Factorization Machine on AWS: The best algorithm for recommender systems
Item Recommendation with Explicit Feedback Data
by Mariela Bisso, Data Scientist
This post shows end-to-end how SageMaker’s built-in Factorization Machine algorithm works using the MovieLens dataset (F. Maxwell Harper y Joseph A. Konstan. 2015. Los conjuntos de datos de MovieLens: historia y contexto. Transacciones ACM en sistemas inteligentes interactivos (TiiS) 5, 4: 19: 1–19: 19. https://doi.org/10.1145/2827872).
To download the dataset or for more information see the following link. If you already know the details of the algorithm and its history, you can skip the first part and jump right on the implementation below. (SageMaker Studio)

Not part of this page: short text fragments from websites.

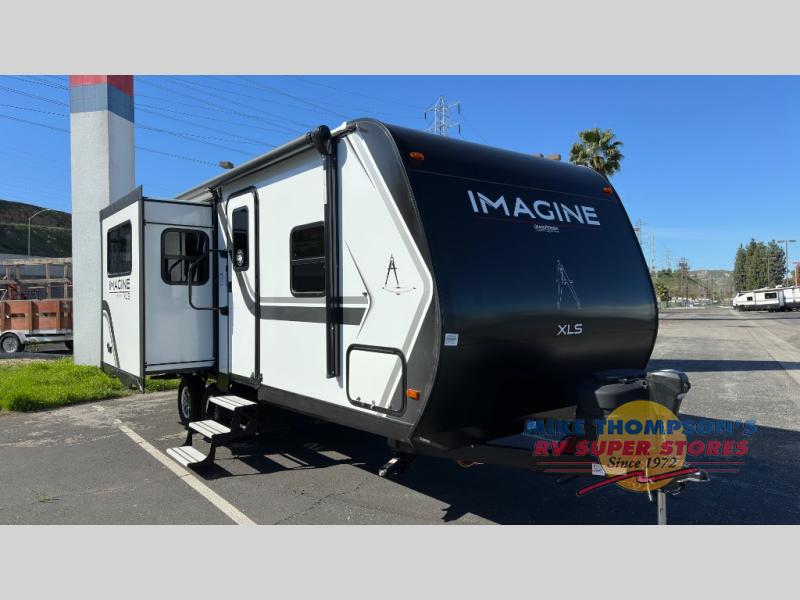 RV listing image
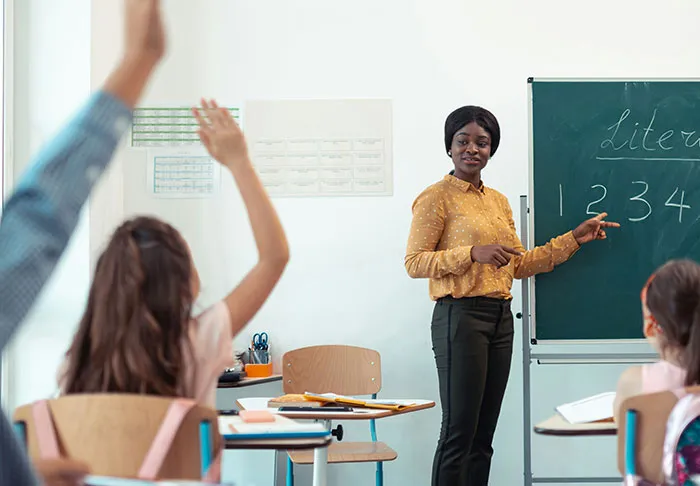 85 Facts And Secrets About Various Jobs, Shared By The Employees
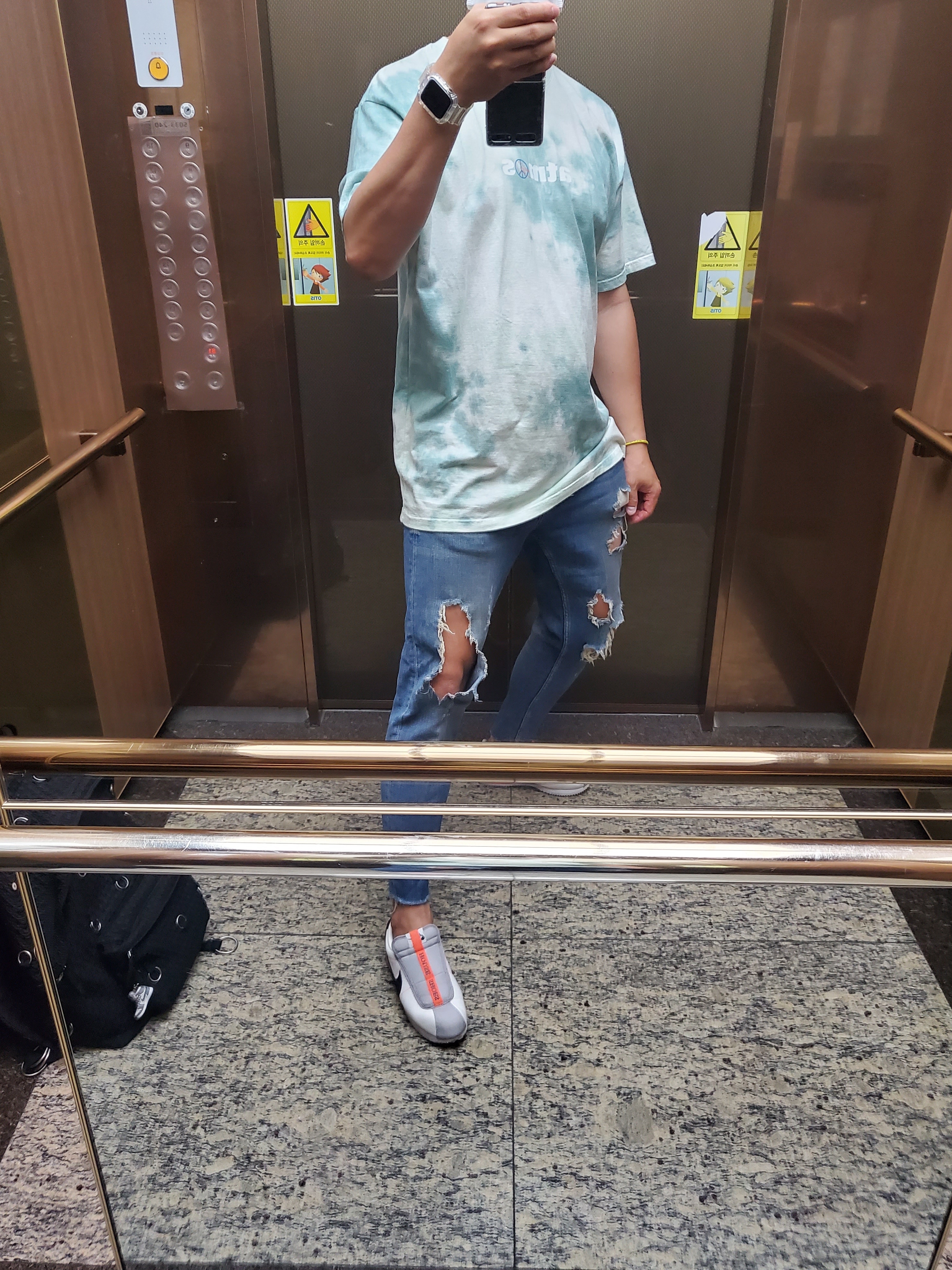 Nike x Kendrick Lamar Cortez Basic Slip White 착용 스타일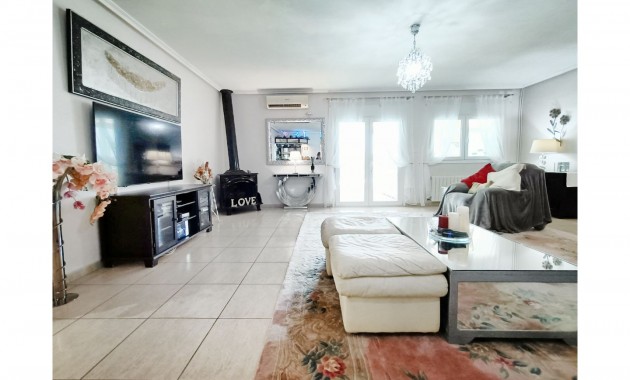 Herverkoop - Detached Villa -
Gea Y Truyols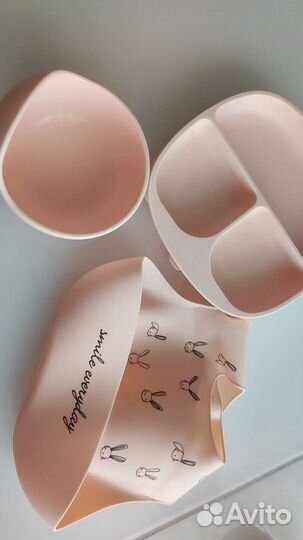 Детская посуда и слюнявчик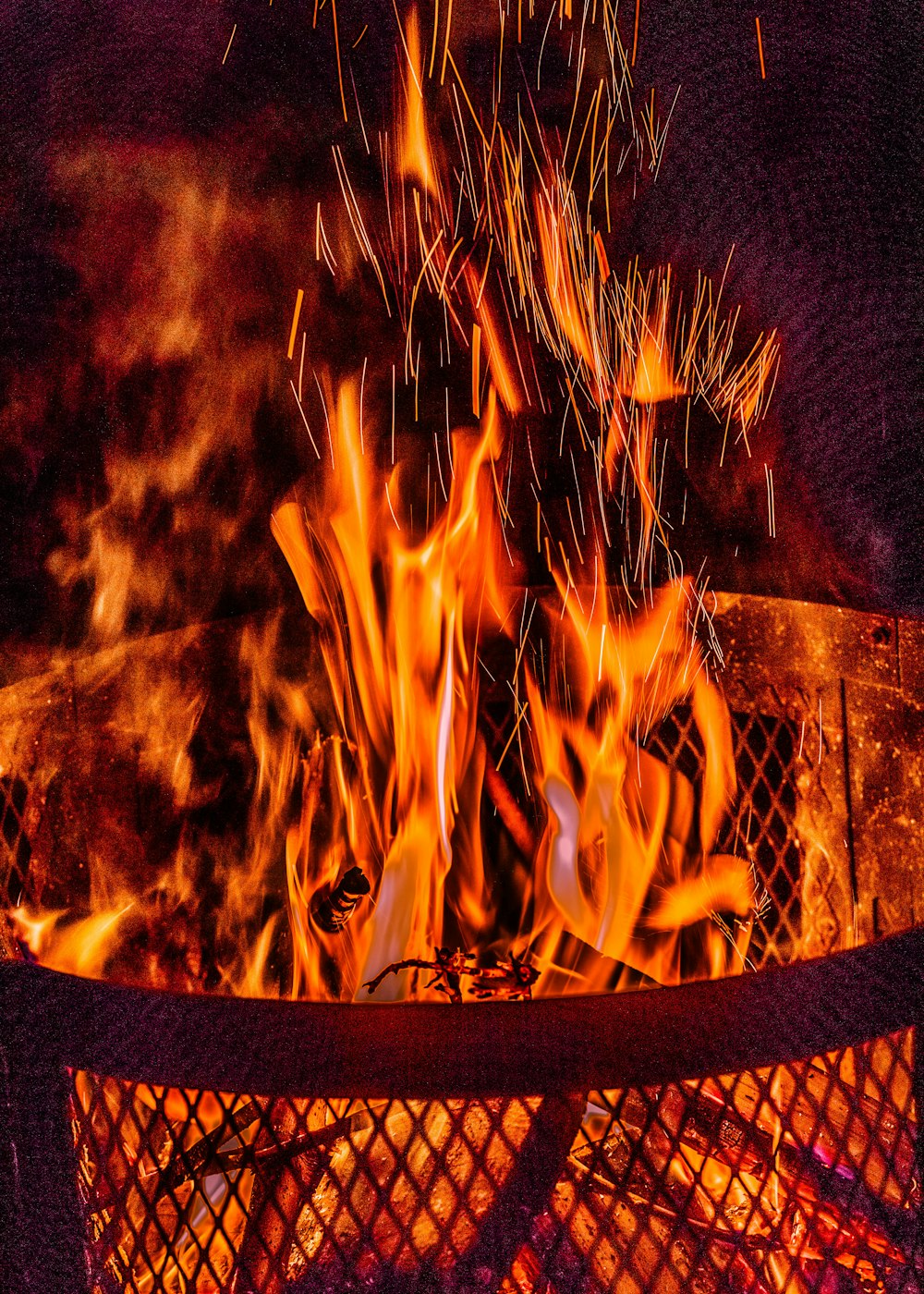 closeup photo fire pit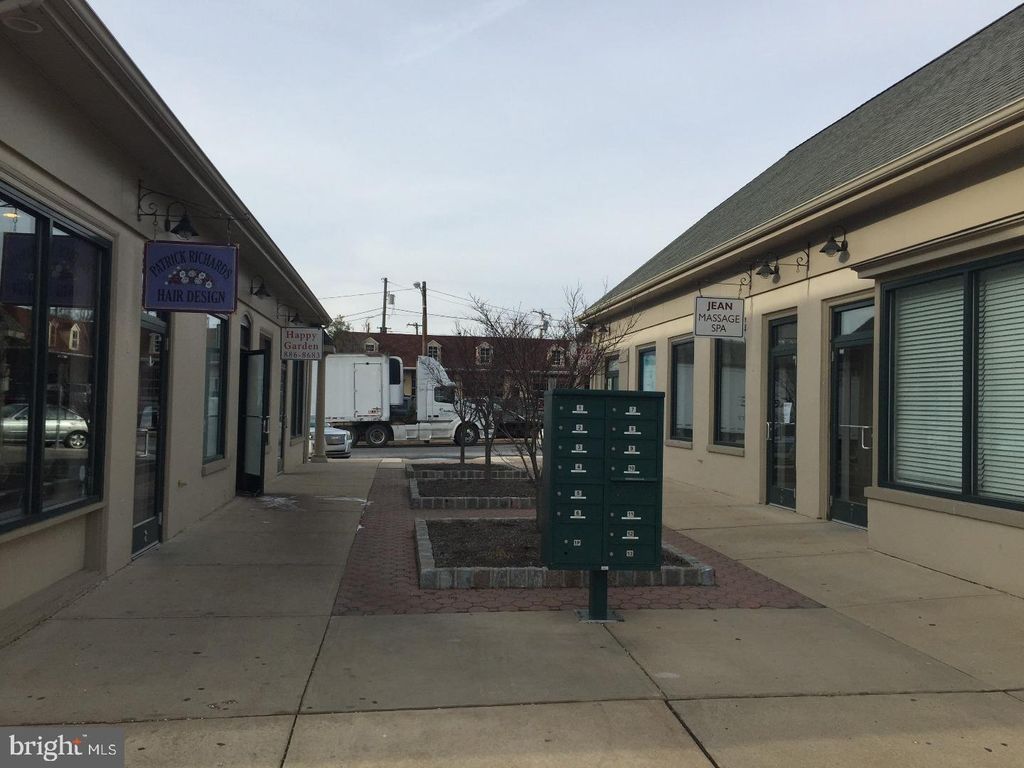 Photo of 1 Allison Road, ORELAND, PA 19075 (MLS # PAMC2084842)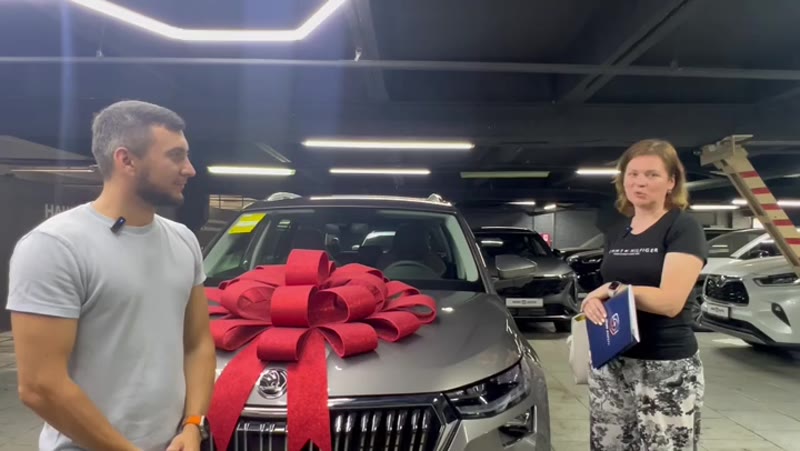 Ольга: кадр из видеоотзыва New Auto об автомобиле Škoda Kodiaq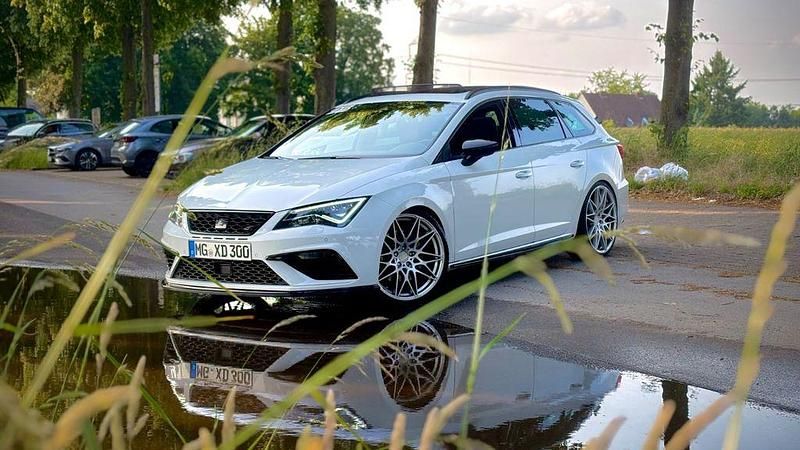 Weiß Gebraucht 2018 Cupra Leon Limousine | 21.000 € (Teuer) - Bild 1/4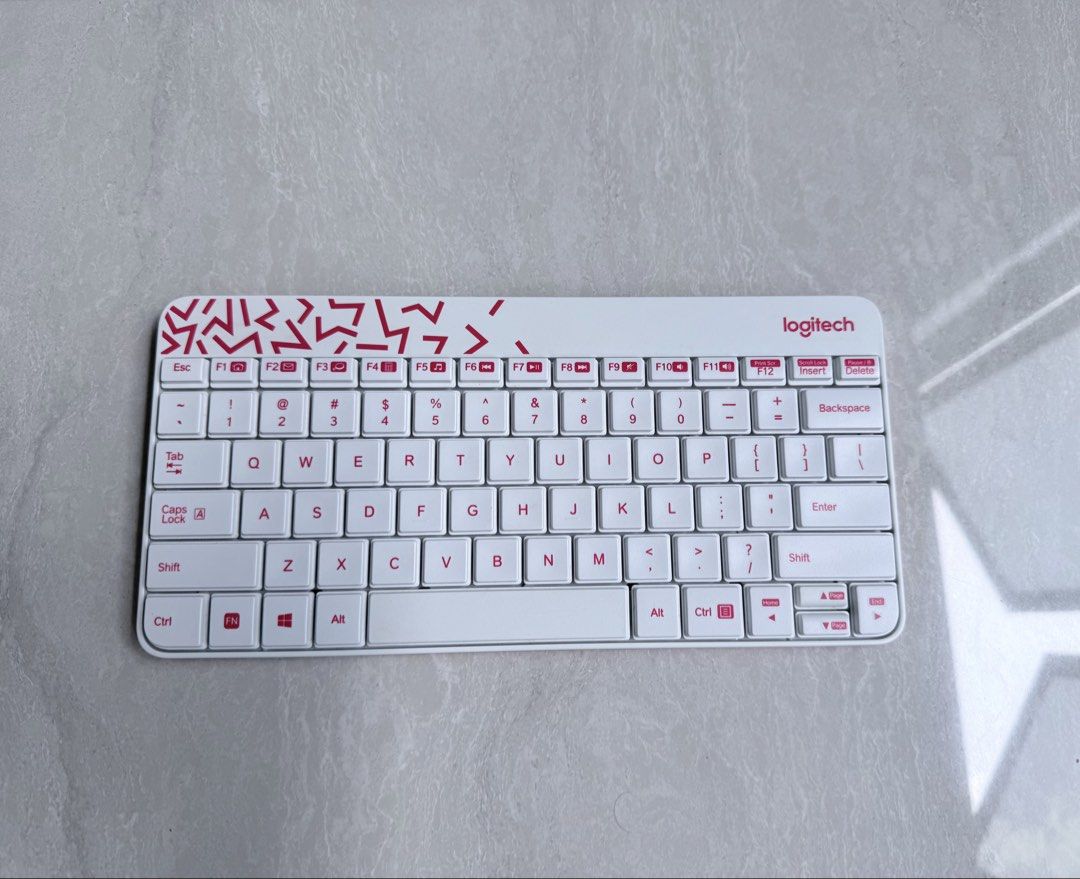 Logitech  Wireless Keyboard and Mouse Combo468562802409492481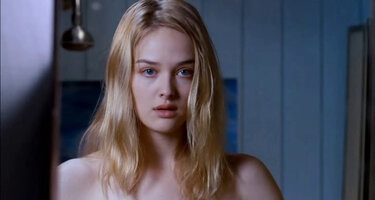 Jess Weixler - Teeth 01.jpg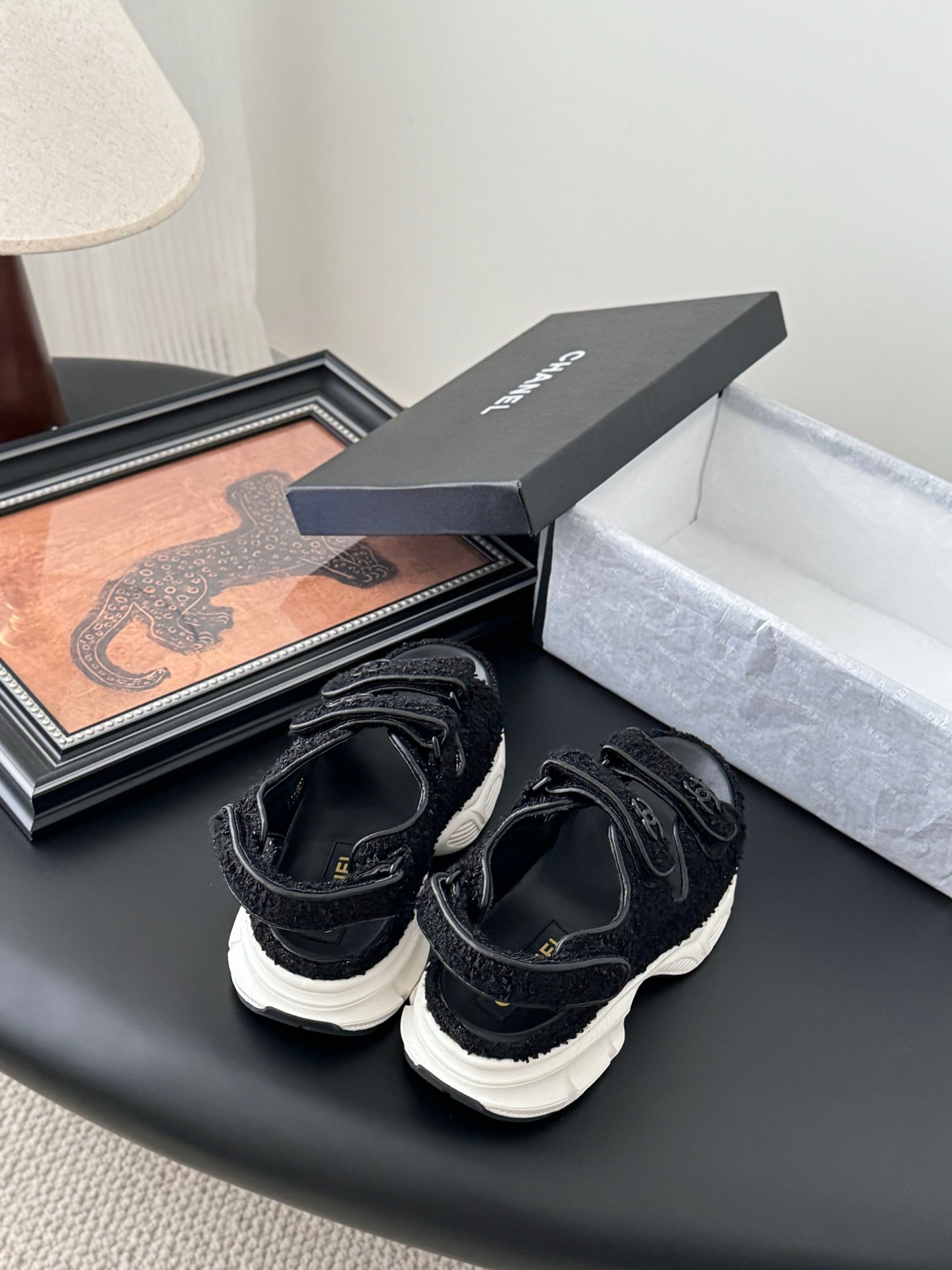 CHANEL Woman - Image 6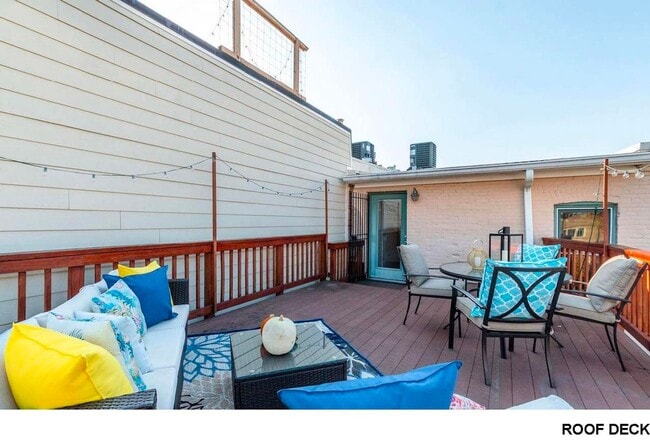 Building Photo - Gorgeous 2br/2ba Upper Level Rowhome with Roof Deck & Parking!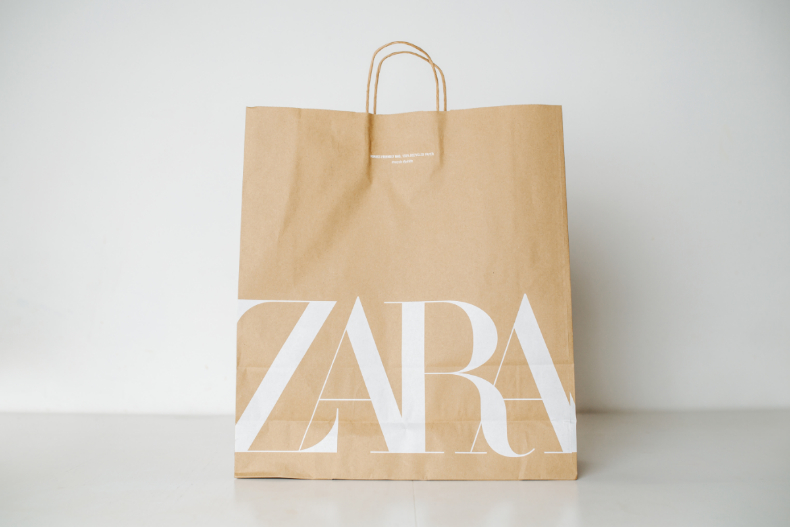 ZARA前店員爆料！ZARA「折扣優惠」降價時間＋划算買法：這時候下單，衣服2折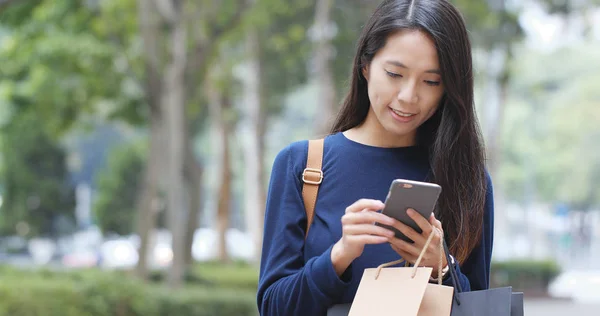 Kvinna Med Hjälp Mobiltelefon Och Påsar — Stockfoto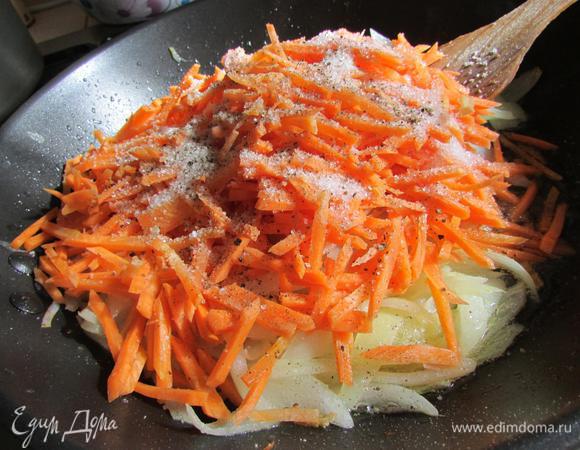 В отдельной сковороде пассеровать лук и морковь на растительном масле. Добавить соль, перец и сахар, перемешать.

Recommendation systems are based on modeling the preferences of the users on the items based on their past interactions (for example, ratings or clicks) and on past interactions of “similar” users, which is also known as a recommendation system based on collaborative filtering.
There are two main approaches to the recommendation system: Explicit feedback and implicit feedback. Explicit feedback usually appears as a rating, on a scale between 1 to 5, with 1 being bad and 5 being excellent. On the other hand, the implicit feedback could be, for instance, the number of clicks that a user made on a web page or the number of transactions in electronic commerce. The difference between both kinds of feedback is that in the explicit case, the user says what things he does not like, while implicit feedback does not necessarily entail that if a user does not buy a certain item it means he does not like the item.
Let’s start by talking about some algorithms or techniques for these types of problems.
Matrix Factorization (MF)
There are many different collaborative filtering techniques, matrix factorization (MF) being one of the most widely used. It projects users and elements into a shared latent space, using a vector of latent characteristics to represent a user or an element. Thus, user interaction with an item is modeled as the inner product of its latent vectors.
But let’s start from the very beginning, and suppose that we have 4 users and 5 movies as shown in the previous image, each row represents a user and each column represents an item or movie, we can think the checks, to simplify, as a binary variable 0–1 where the 1 represents that the user is interested in the movie.
Let’s briefly explain what we mean by latent characteristics. Imagine that we have two variables that somehow separate both movies and users, these are: what audience they are intended for (boys-adults) and the budget used for their filming (blockbuster- arthouse). We can think that each user has certain preferences for each of these characteristics and we measure them between the interval [-1,1] and we do the same for each of the films, we put a weight also between [-1; 1], we can then estimate a user’s preference for a movie by multiplying the weights found for the user and the movie within the space of latent factors.
Of course this is an example and in reality the space of latent characteristics is found automatically and with a specified dimension in a hyperparameter of the model (num_factors).
Summary,
This algorithm is one of the most popular in recommendation systems, but it has the disadvantage of not having the possibility of incorporating additional information. To overcome these limitations, we need a more general model that can extend the latent factor approach to incorporate arbitrary auxiliary characteristics and specialized loss functions.
Factorization Machine (FM)
Factorization Machine is a general-purpose supervised learning algorithm that you can use for both classification and regression tasks. It is an extension of a linear model that is designed to parsimoniously capture interactions between features in high dimensional sparse datasets.
Amazon SageMaker’s Factorization Machine algorithm provides a robust, highly scalable implementation of this algorithm, which has become extremely popular in ad click prediction and recommender systems. The main purpose of this notebook is to quickly show the basics of implementing Amazon SageMaker Factorization Machines.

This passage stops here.